AVAILABLE DATA START

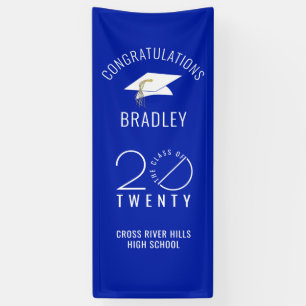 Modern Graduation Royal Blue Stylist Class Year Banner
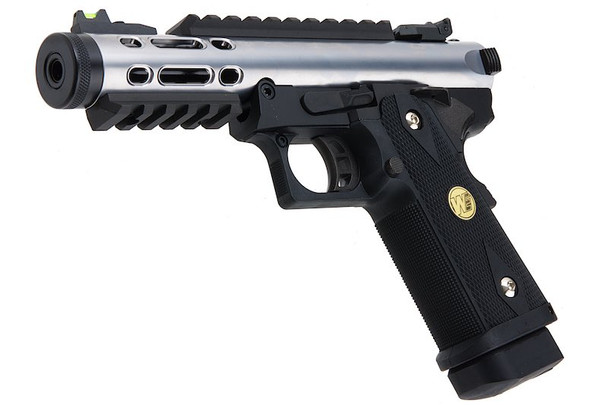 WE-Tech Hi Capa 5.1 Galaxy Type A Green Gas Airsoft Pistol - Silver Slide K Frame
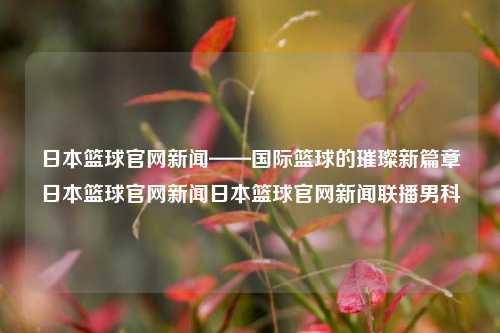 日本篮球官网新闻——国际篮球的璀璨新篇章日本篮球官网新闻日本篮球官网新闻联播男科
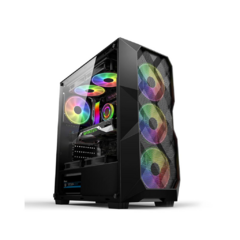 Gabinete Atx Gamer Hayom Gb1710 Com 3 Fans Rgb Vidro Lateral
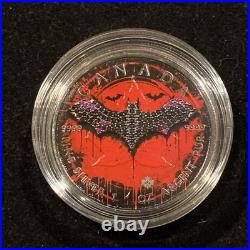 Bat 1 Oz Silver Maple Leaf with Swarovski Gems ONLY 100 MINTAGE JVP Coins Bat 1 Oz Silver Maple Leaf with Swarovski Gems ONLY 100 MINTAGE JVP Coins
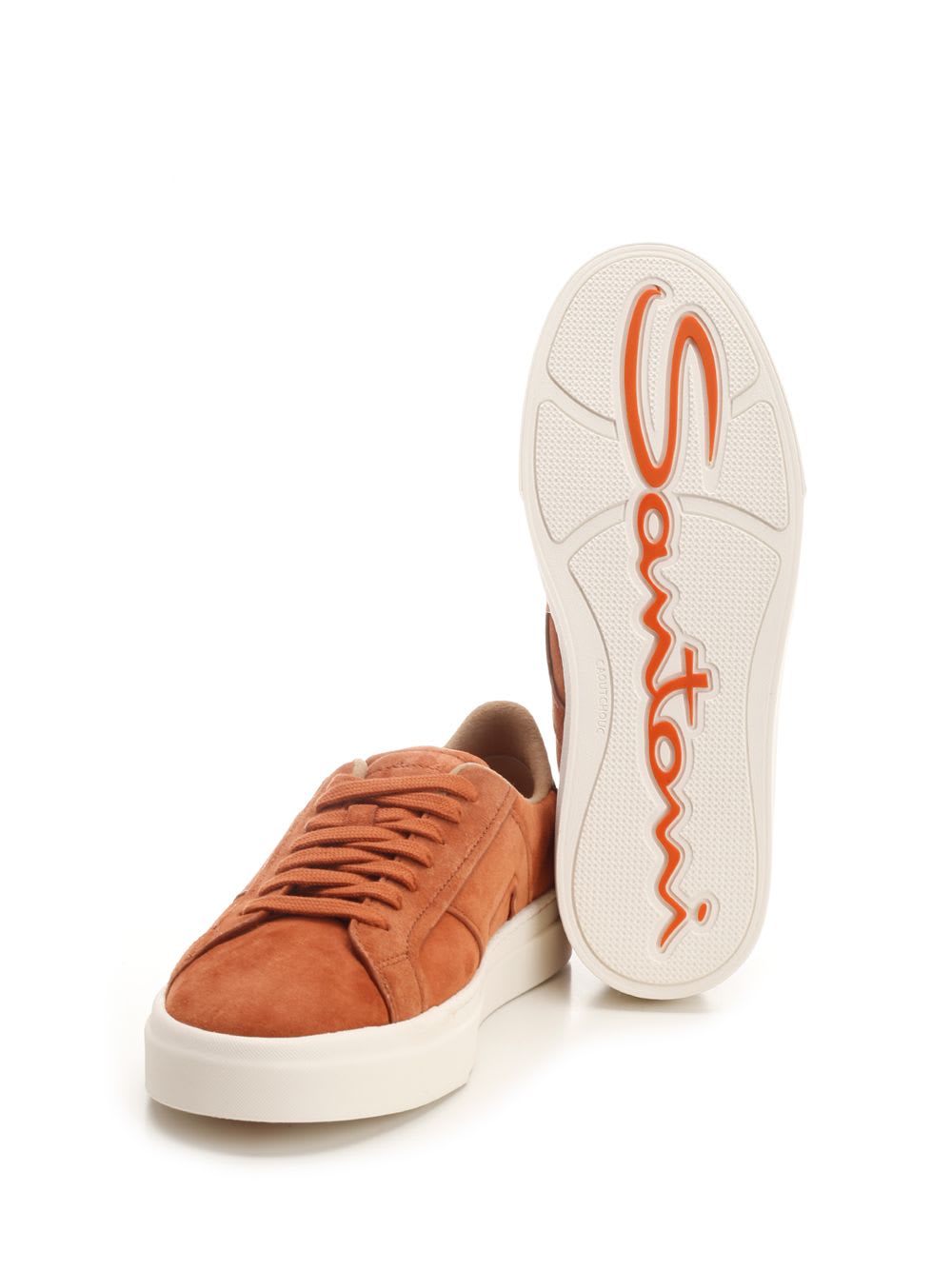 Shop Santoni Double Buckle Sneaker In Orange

AVAILABLE DATA END

Repeat each entry exactly. Pictures do not belong in the copy.

# OUTPUT
 Modern Graduation Royal Blue Stylist Class Year Banner
 WE-Tech Hi Capa 5.1 Galaxy Type A Green Gas Airsoft Pistol - Silver Slide K Frame
 日本篮球官网新闻——国际篮球的璀璨新篇章日本篮球官网新闻日本篮球官网新闻联播男科
 Gabinete Atx Gamer Hayom Gb1710 Com 3 Fans Rgb Vidro Lateral
 Bat 1 Oz Silver Maple Leaf with Swarovski Gems ONLY 100 MINTAGE JVP Coins Bat 1 Oz Silver Maple Leaf with Swarovski Gems ONLY 100 MINTAGE JVP Coins
 Shop Santoni Double Buckle Sneaker In Orange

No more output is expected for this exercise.